OHS compliance is now at the stage of the “best guess” or an “educated guess”, if one is lucky. This “best guess” situation is seen as increasing the level of risk or exposure on small business owners but a quick look at the history of OHS in Australia will show that the risk has not increased. It is only that the level of responsibility, that was always on employers, cannot now be avoided. Where previously one could say that “WorkSafe said it [whatever it was] complies”, now one must take ownership of the risk and the responsibility by stating that “I believe this complies”. The obligation for a safe workplace resides exclusively with the person or organisation who gains the most benefit from the production of that company where in the past one could argue that the responsibility was shared with the regulator.
In the prescriptive era, business and industry associations decried the interference of government OHS agencies as being limiting and pedantic and prescription became a pejorative word. So OHS regulators and governments of the day embraced performance-based measures that reduced the policing aspect of the inspectorate and allowed employers to determine and control their risks.

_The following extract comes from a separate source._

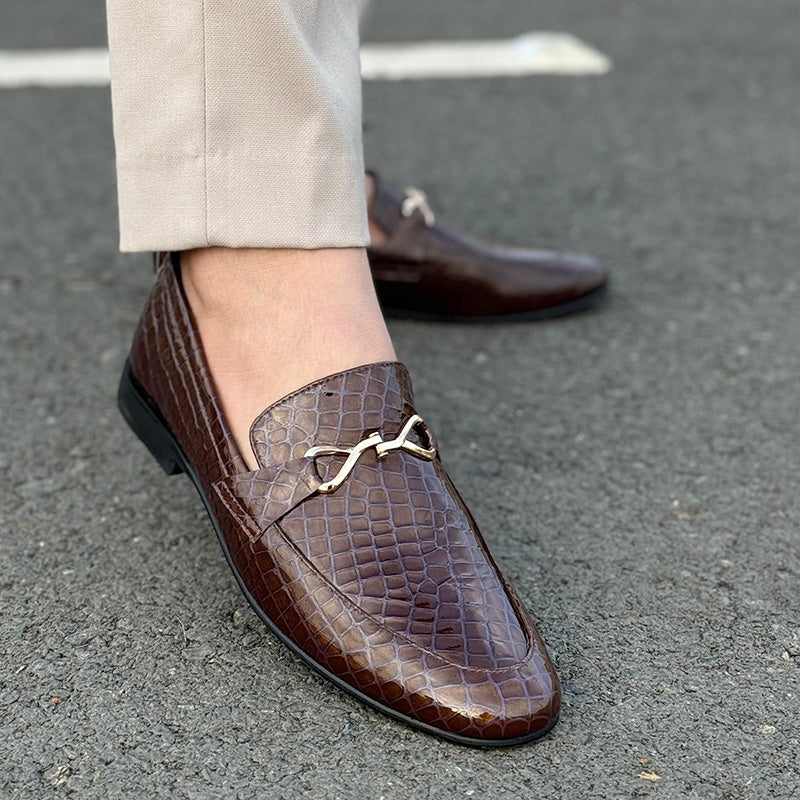A man's foot wearing a brown premium leather handmade shoe Main image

Yet in this century, business and industry associations continue to complain about regulations, interference and red tape. Largely the current complainants are those seeking compliance with OHS laws instead of seeking safety, regardless of laws. If one focuses on safety and the reduction of harm, if one begins to accept the responsibility for OHS and act like a grown-up, the sources of tension, the sources of uncertainty – the regulations, the interference and the red tape – disappear or at least fade considerably. Business can achieve clarity on workplace safety when it stops looking at the laws and begins looking at the OHS principles.

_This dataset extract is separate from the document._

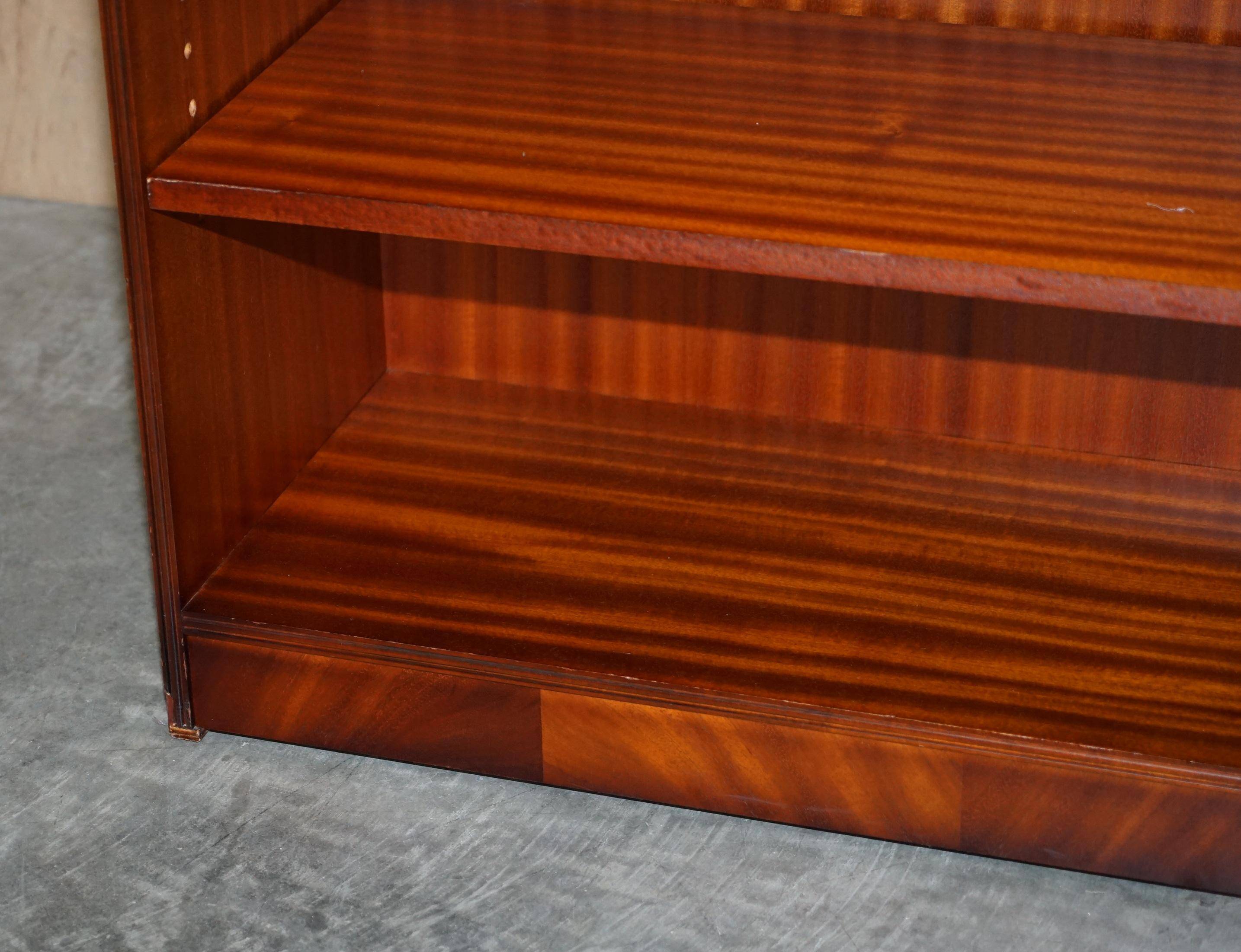 Pair of open low bookshelves Shaws of London in hardwood.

Many business owners repeat the mantra of “everyone goes home the same way they came to work” [I always think this means if you traveled in by train, you go home by train, or if you come to work with a hangover, you can go home with one] but they usually impose this on OHS regulatory obligations rather than seeing the mantra as a moral and social obligation to their workers, independent of the laws.
Britain is an example of a country whose business groups struggle to work with OHS laws, they struggle to see beyond compliance and they have come to hate the Health and Safety Executive as the embodiment of OHS compliance. The Government has responded by eliminating OHS compliance for some sectors of the economy without replacing it with the values or morals required to keep from hurting people.
As Australia officially enters election mode for the next few weeks, similar lobbying by the business groups will be re-energised for the easing of OHS regulations. The UK strategy may even by advocated locally. But the lesson from Britain is that there should never be a void in changing OHS laws.
In the 1990s Australia moved from prescriptive OHS laws and regulations to performance-based but it moved from something to something else. Britain has moved from something to nothing. Business has moved from clarity (even though that clarity was resented) to what they perceive as a freedom but it is a false freedom of the type that is likely to penalise workers.
Regulatory or policy change on OHS must first establish a direction, and a future, before it dispenses with the old. Britain has failed to do this and Australia is contemplating the same risk. All parties need to focus on safety as a priority and compliance as a lesser issue for by attending to safety first, compliance will come.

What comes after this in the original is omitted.